Premiado documentário ‘Salão de Baile’ destaca brasilidade e complexidades da cena ballroom
Com estreia em 5 de dezembro, "Salão de Baile" apresenta olhar "de dentro" da cultura ballroom a partir da cena da arte no Rio de Janeiro
Ballroom é “um múltiplo de coisas”: um “mundo paralelo”, um espaço de acolhimento, a chance de escolher a própria família, uma expressão afrodiaspórica, uma estrutura de regras e hiearquias complexas, “um hospital, uma igreja, um quilombo, um manifesto, uma contracultura, uma revolução, uma revolta”.
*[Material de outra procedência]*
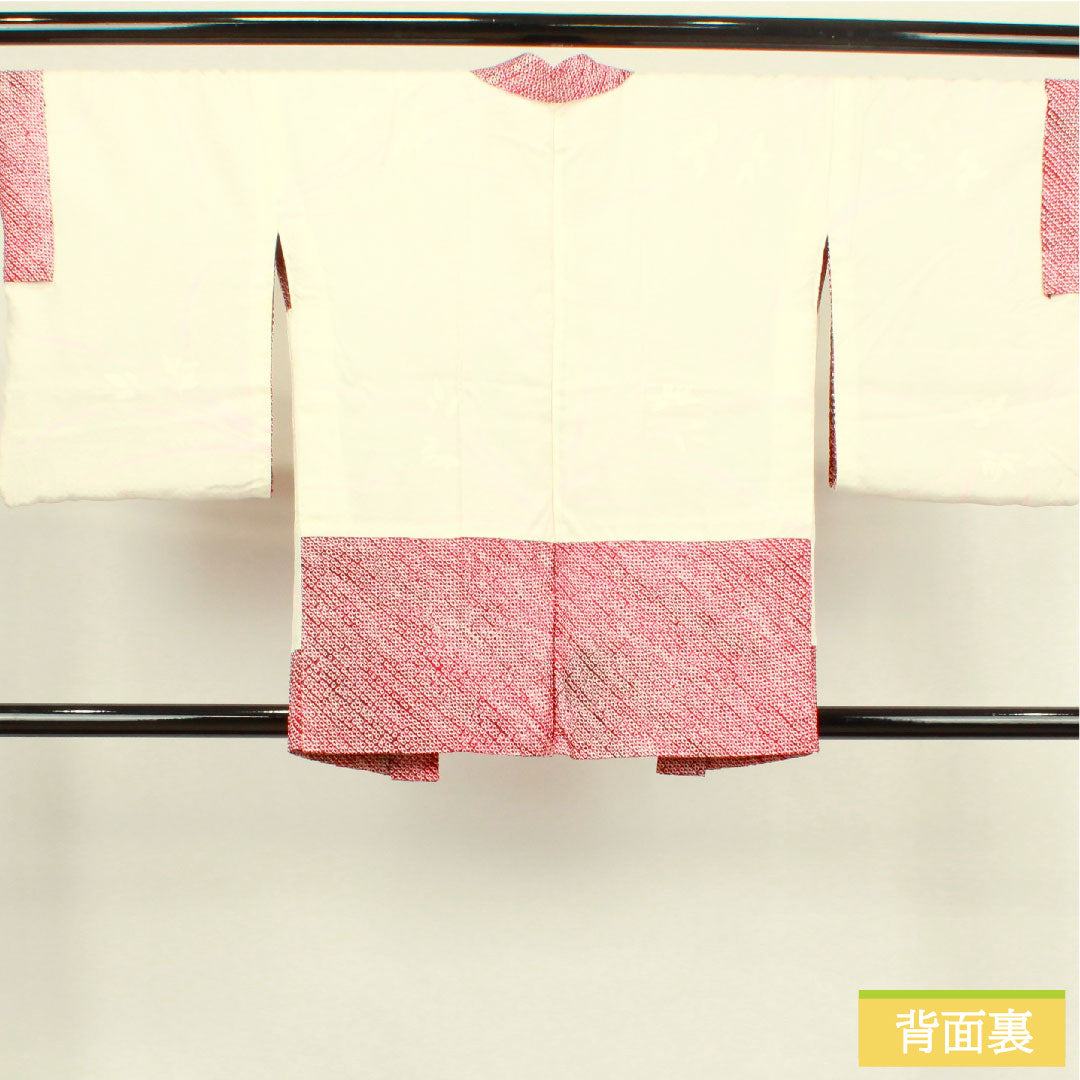 羽織 正絹 身丈81cm 裄丈65cm 深紅色 総絞り 抽象模様 Sランク 袷 赤系 1117000662912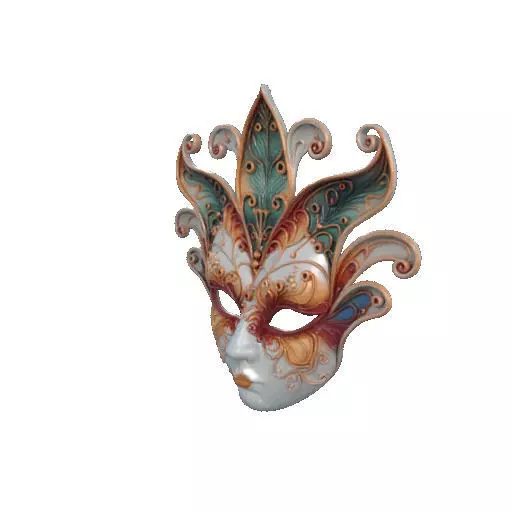 2463Venetian Carnival Mask Color 3D Model magic 3D print model_34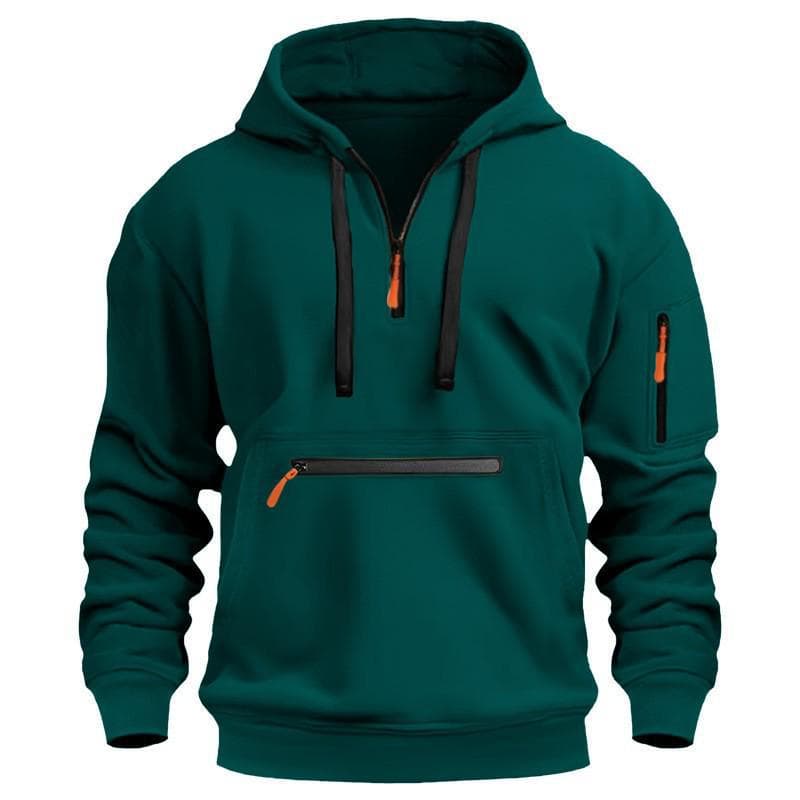 Men's Waterproof Zipper Pocket Hoodie - Autumn/Winter Casual Sportswear L green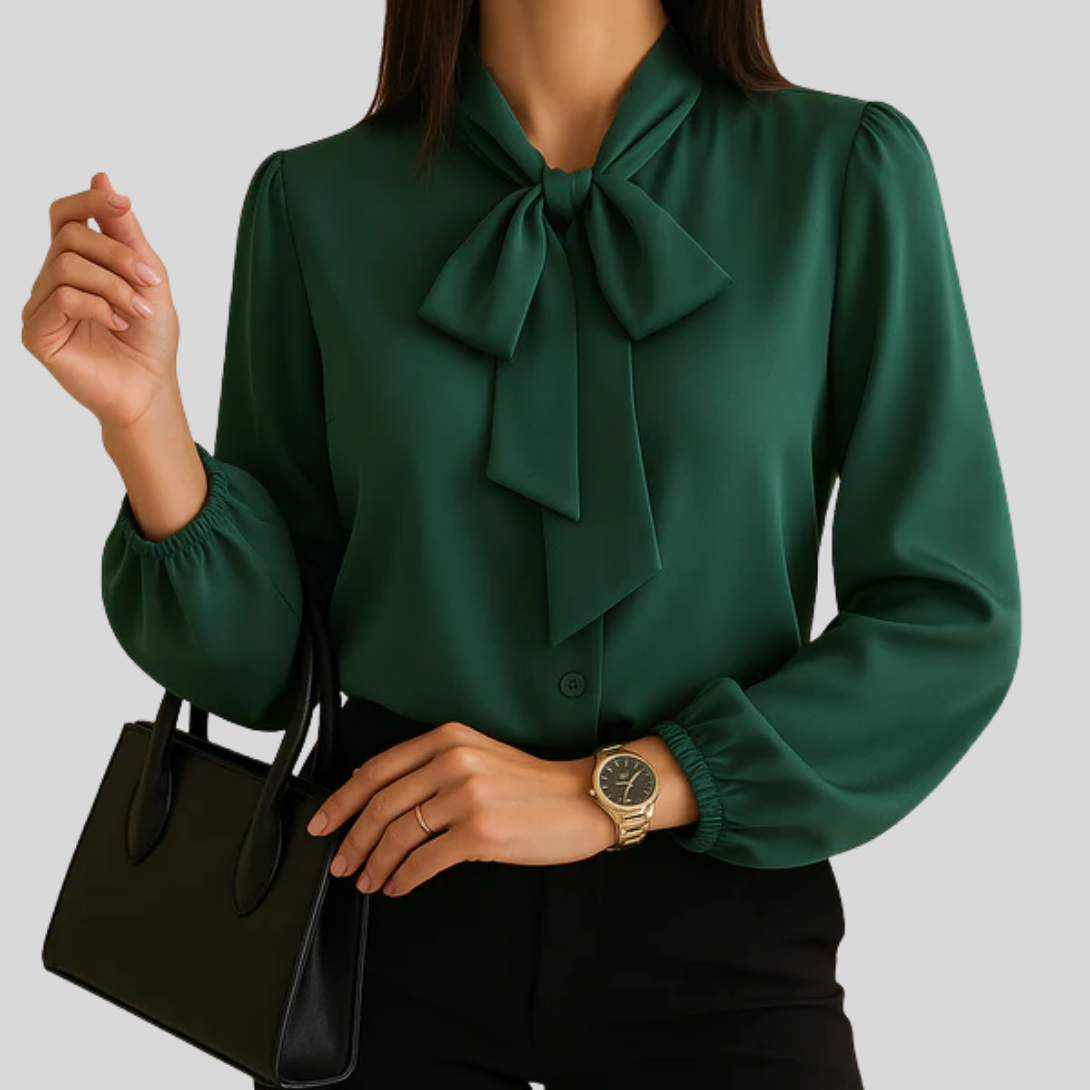 Blusa con fiocco al collo da donna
Todas as expressões elencadas, que ajudam a tatear um norte possível para entender o que é e como se constitui a cultura ballroom no Brasil, são direta ou indiretamente ditas em/por “Salão de Baile”, premiado documentário dirigido por Juru e Vitã que chega aos cinemas do País em 5 de dezembro.
Veja também
Ball como linha narrativa
Pulsante retrato desse “outro mundo”, o filme explora as características formadoras dessa cena no estado do Rio de Janeiro a partir da realização de um baile — produzido especialmente para as gravações da obra — com a presença de algumas das principais houses da capital e região metropolitana.
O evento funciona como uma espécie de linha narrativa a partir da qual o filme se desenvolve, ajudando a estruturá-lo como algo entre uma primeira “porta de entrada” de acesso às especificidades da cena e, também, um espaço de reflexão importante para quem já imerge na cultura.
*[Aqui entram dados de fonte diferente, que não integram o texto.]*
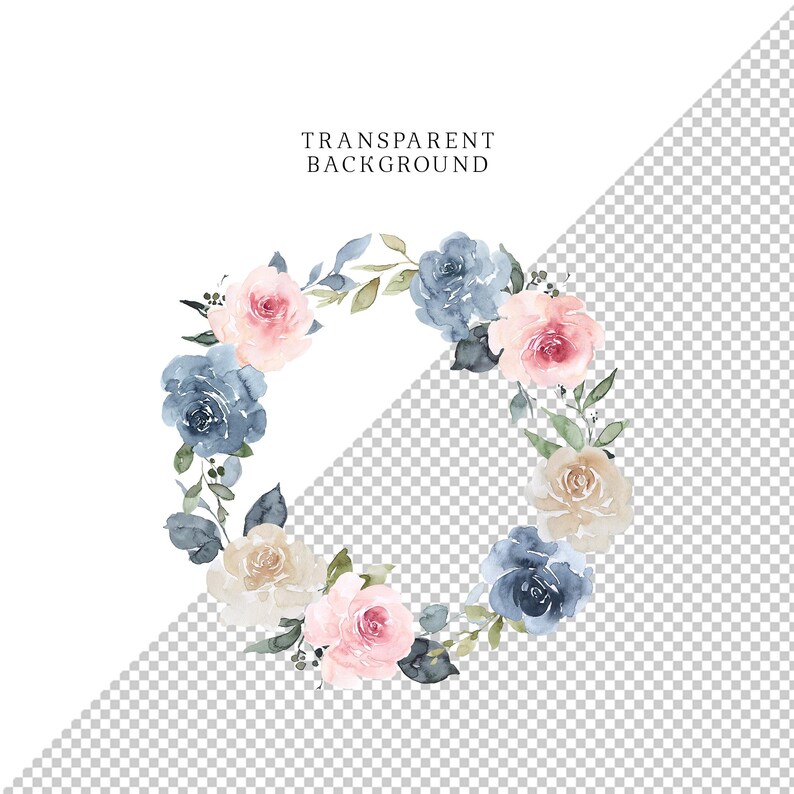 May include: A watercolor wreath with blue, pink, and cream flowers. The wreath is on a transparent background.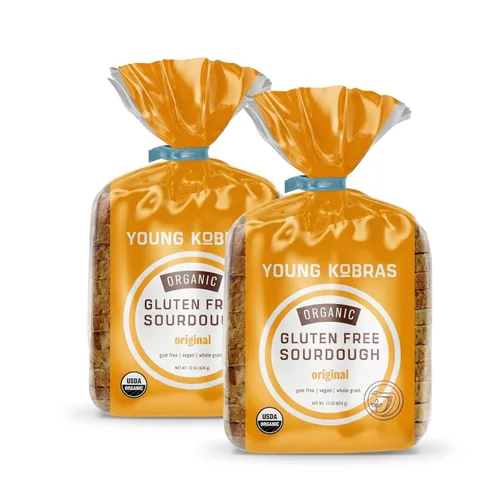 Young Kobras Pan de masa madre original orgánico sin gluten (paquete de 2) – Apto para alérgenos, vegano, sin gomas, ingredientes simples y hecho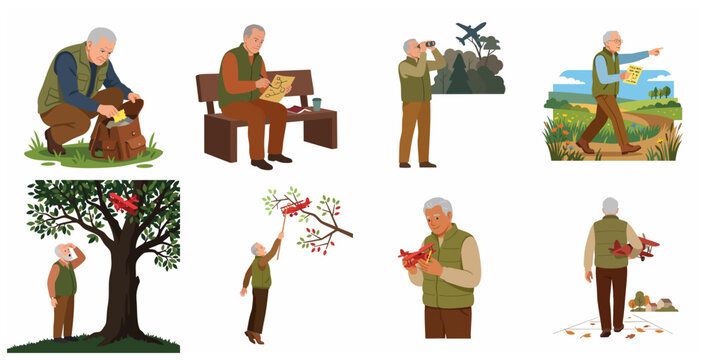 Active senior man with model airplane hobby set of vector illustrations showing retiree hiking plane spotting and retrieving toy biplane from a tree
Ao mesmo tempo em que apresenta o microcosmo de um baile de maneira efusiva a partir da sucessão de performances, disputas e desfiles, o documentário também reserva sequências mais contextualizadoras que surgem ligadas a cada momento da ritualística do
evento.
“Ballroom is education, bitch”
Assim, o que foi visto anteriormente — sejam os movimentos da disputa na categoria “face” ou o “corte” de uma pessoa participante no meio de uma apresentação competitiva — é evidenciado, contextualizado e elaborado por integrantes da cultura ballroom em outras cenas.
Não há necessariamente o didatismo de um “passo a passo de uma ball para leigos”, mas o documentário lança mão de entrevistas com figuras emblemáticas da cena, encontros e reuniões entre integrantes das houses e, até, segmentos que emulam e retorcem, pelo viés da performatividade, a convenção formal da “contextualização histórica” em documentários.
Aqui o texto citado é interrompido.